• WHAT IS BEING ASKED: Below are records with pictures in them. Transcribe everything from the line containing "Penne pasta with" down to the line containing "mediterranean / spanish", exactly, and leave the pictures behind.

• DATA SUPPLIED:
[Start of Attachment]
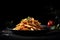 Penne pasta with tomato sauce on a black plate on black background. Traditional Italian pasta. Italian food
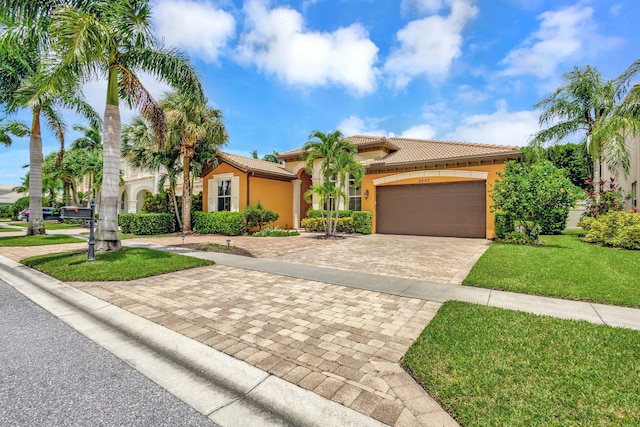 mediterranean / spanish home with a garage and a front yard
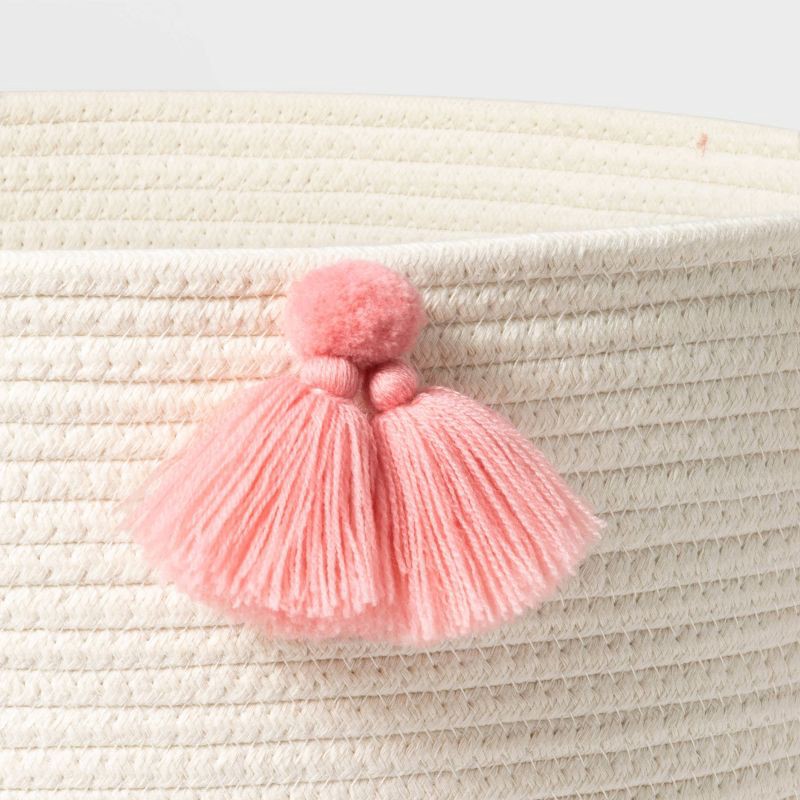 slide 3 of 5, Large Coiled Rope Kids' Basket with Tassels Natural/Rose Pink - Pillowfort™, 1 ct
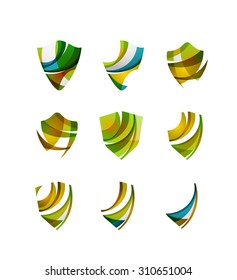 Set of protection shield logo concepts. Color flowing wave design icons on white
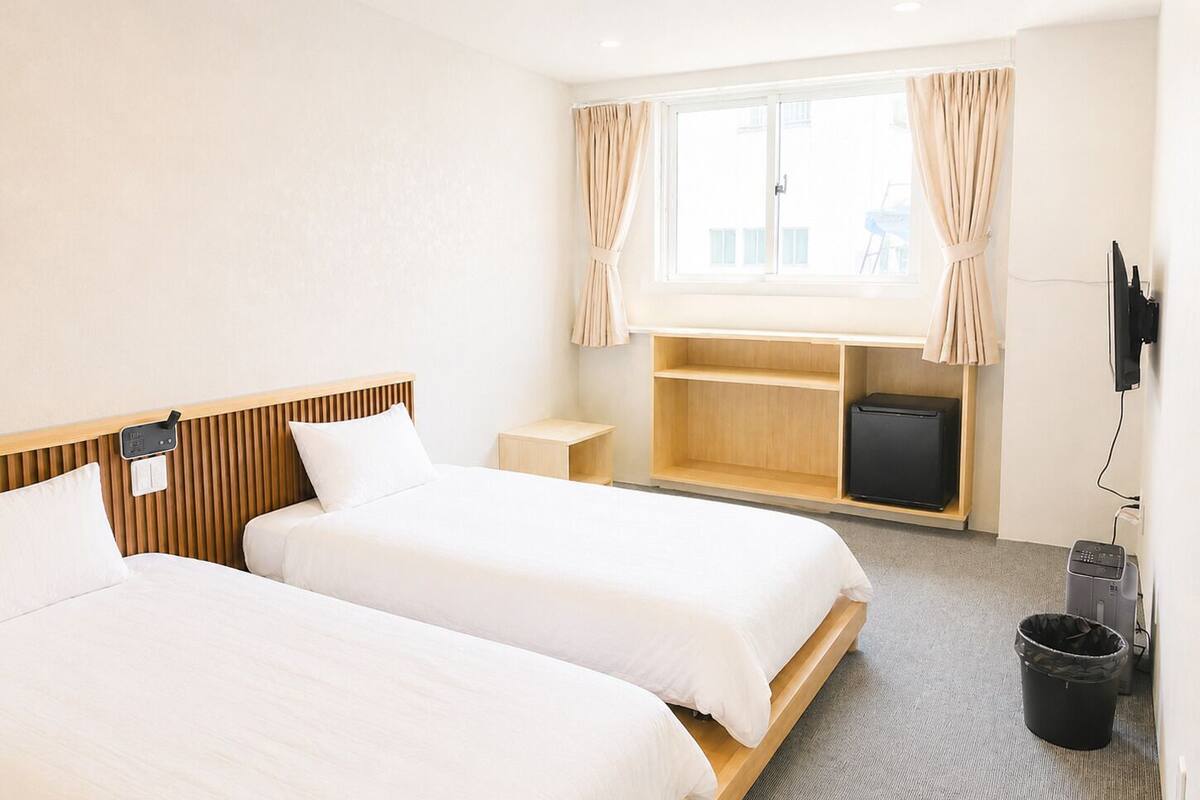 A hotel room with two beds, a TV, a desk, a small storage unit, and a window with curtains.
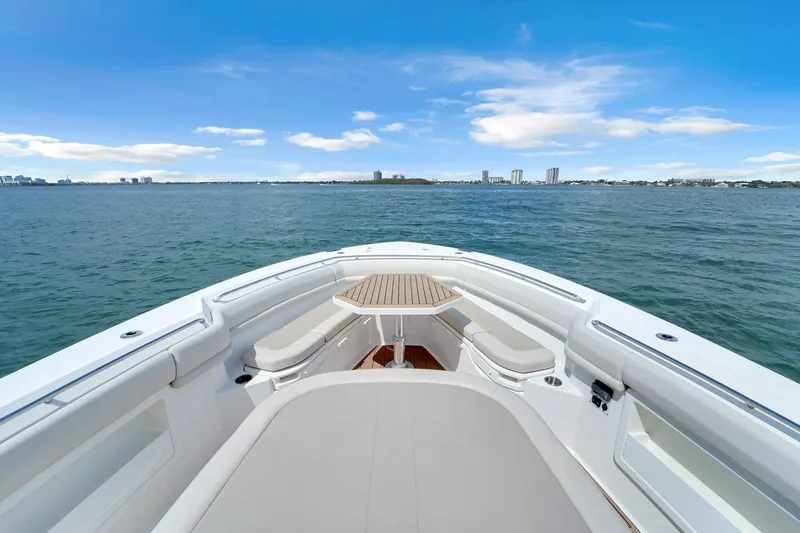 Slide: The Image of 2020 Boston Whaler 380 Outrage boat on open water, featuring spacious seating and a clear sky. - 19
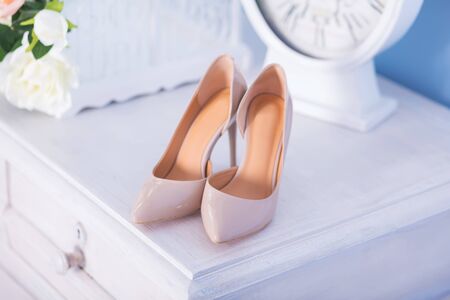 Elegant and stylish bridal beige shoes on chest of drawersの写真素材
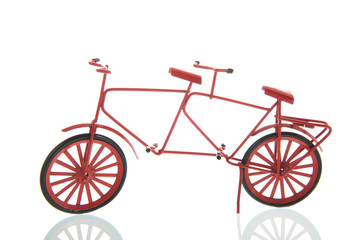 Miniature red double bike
[End of Attachment]
[Start of Attachment]
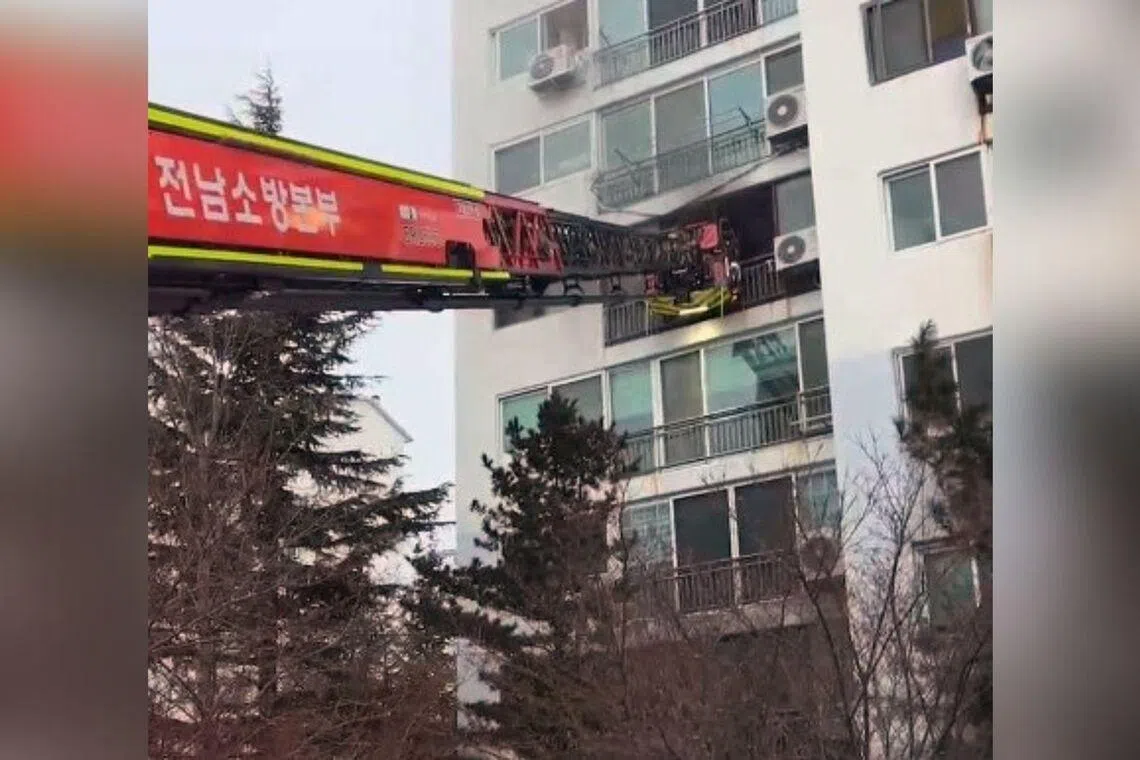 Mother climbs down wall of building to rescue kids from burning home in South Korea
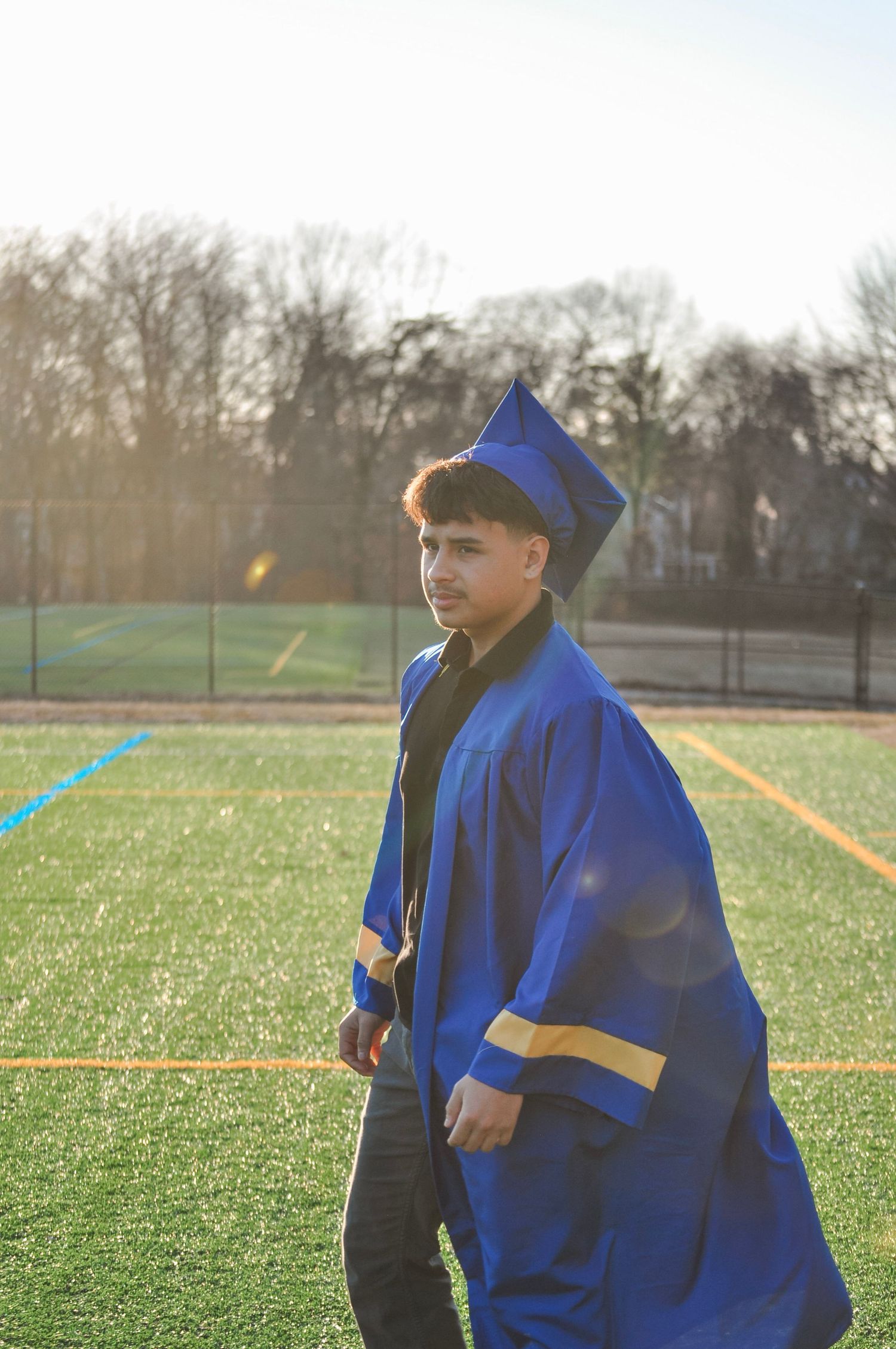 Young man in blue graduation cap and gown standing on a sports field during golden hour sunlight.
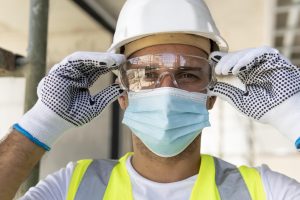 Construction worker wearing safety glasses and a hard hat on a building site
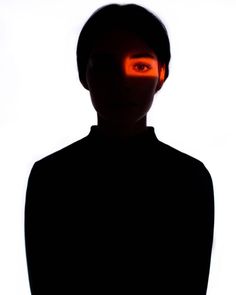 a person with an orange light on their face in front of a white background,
[End of Attachment]
[Start of Attachment]
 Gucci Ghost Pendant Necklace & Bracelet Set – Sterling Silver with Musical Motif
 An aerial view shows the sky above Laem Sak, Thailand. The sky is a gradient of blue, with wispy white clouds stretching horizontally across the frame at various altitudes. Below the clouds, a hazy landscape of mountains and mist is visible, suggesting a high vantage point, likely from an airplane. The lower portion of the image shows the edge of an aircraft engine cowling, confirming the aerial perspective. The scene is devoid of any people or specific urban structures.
[End of Attachment]
• RESPONSE TO THIS EXERCISE:
 Penne pasta with tomato sauce on a black plate on black background. Traditional Italian pasta. Italian food
 mediterranean / spanish home with a garage and a front yard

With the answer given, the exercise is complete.